My skin is creamy, rose highlights showcasing the perfect texture. So malleable, I’ve been green and black and rainbow-striped, insectile eyes—not much use for seeing, but that john gave me a whole minute—antennae out of my head. A grandmother with wrinkles so deep I was rubbing my face for days, amazed at how we decayed before synthcode.
Anything you want. I’ll show you anything.
They’ll see my ads here and there between football and clonewars. I shiver, I tingle. Those eyes on my body. My face. Thinking about it gets me hot, hotter than I’ve ever made a john. If I wait too long it’ll hurt.
I clear my head in the shower. My body presses against the wall, desperate, then not. Steam sinks into my skin, the pores widen. Instant moisturizer.
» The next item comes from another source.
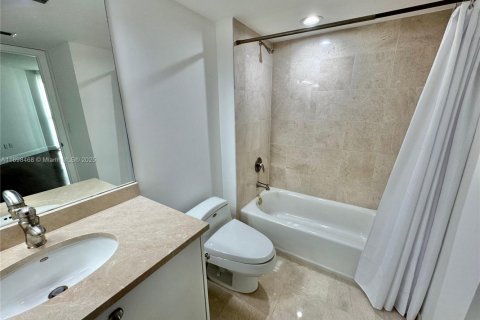 Condominio en alquiler en Sunny Isles Beach, Florida, 3 dormitorios, 217.39 m2 № 1951327 - foto 23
Once my breathing is back to normal, I decide to split my time 10/30. Ten for the pornliners since word-of-mouth helps more anyway. Thirty for the families, parents, and offspring. I can make myself look very young, although it doesn’t work in person. The proportions are wrong.
3.396 seconds left behind like angry words. I dare myself to look at the numbers without cringing, and then my phone rings.
My skin burns—unexpected calls always set my body off. The synthcode can’t touch this. I try to think of unpleasant things. Tentacles on my flesh. Crawling. Bugs, those six-legged things at the terrarium. Sick. I stare through my mirror and hope the smear of red is a smile.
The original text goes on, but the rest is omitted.